■ TASK TO CARRY OUT: Of all the lines in the entries, how many carry the word "knit"? The reply is that number and no more.

■ DATA IN THIS EXERCISE:
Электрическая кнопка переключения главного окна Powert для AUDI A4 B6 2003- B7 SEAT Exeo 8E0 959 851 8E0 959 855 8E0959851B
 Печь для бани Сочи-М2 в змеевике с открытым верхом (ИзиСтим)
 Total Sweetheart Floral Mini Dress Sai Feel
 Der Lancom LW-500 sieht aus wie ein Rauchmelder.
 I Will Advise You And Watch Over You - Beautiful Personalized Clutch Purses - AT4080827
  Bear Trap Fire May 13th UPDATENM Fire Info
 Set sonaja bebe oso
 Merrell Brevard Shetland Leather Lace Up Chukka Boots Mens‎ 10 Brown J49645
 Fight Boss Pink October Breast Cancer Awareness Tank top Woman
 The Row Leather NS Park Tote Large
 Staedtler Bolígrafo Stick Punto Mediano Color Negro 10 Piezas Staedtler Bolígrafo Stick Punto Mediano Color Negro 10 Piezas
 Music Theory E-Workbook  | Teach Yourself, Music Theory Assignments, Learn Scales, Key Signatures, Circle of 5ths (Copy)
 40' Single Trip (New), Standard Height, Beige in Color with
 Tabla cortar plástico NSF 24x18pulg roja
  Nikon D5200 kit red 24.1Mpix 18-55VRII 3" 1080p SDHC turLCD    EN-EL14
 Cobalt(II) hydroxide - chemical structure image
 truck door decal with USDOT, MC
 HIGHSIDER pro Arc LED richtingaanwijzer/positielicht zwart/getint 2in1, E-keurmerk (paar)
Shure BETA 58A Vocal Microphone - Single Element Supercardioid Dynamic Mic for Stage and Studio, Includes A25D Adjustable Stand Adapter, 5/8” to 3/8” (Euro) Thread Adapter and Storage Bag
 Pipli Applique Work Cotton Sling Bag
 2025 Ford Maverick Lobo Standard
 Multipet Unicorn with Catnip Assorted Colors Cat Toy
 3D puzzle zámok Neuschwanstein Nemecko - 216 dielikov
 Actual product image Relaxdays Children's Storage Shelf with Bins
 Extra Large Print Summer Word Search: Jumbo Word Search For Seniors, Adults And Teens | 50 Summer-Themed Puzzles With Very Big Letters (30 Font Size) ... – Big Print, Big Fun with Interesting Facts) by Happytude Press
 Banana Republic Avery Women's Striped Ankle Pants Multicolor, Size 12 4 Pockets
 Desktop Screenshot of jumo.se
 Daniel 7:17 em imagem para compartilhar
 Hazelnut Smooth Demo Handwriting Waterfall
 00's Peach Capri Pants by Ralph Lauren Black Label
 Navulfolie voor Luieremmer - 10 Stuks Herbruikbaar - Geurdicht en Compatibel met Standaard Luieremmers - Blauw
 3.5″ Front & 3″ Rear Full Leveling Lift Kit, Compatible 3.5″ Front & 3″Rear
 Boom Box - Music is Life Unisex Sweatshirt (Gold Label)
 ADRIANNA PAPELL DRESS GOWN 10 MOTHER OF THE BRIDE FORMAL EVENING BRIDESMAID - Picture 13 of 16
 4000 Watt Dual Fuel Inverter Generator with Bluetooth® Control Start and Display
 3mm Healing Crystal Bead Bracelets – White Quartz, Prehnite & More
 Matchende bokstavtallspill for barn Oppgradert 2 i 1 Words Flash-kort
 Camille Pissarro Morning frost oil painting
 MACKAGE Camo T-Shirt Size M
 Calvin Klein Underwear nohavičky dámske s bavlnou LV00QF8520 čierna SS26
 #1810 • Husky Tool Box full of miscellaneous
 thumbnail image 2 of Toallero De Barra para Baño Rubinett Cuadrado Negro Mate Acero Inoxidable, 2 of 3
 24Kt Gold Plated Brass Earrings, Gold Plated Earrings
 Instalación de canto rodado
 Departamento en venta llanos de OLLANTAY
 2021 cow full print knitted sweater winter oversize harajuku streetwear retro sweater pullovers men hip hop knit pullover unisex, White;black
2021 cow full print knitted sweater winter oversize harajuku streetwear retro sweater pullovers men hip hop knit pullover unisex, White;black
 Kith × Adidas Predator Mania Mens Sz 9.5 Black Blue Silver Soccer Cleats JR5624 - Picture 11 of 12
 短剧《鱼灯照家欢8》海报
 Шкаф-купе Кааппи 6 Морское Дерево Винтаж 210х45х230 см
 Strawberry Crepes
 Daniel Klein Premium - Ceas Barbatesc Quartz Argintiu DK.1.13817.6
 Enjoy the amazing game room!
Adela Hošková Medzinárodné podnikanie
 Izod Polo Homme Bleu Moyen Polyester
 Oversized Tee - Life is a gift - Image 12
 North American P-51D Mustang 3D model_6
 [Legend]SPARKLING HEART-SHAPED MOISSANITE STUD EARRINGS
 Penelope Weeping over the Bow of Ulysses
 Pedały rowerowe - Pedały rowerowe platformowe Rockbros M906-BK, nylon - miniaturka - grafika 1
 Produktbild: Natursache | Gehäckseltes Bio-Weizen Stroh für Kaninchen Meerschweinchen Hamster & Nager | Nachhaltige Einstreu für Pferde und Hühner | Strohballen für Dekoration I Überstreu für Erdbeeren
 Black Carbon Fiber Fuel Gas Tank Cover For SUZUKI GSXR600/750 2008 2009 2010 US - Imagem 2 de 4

■ WRITTEN ANSWER: 2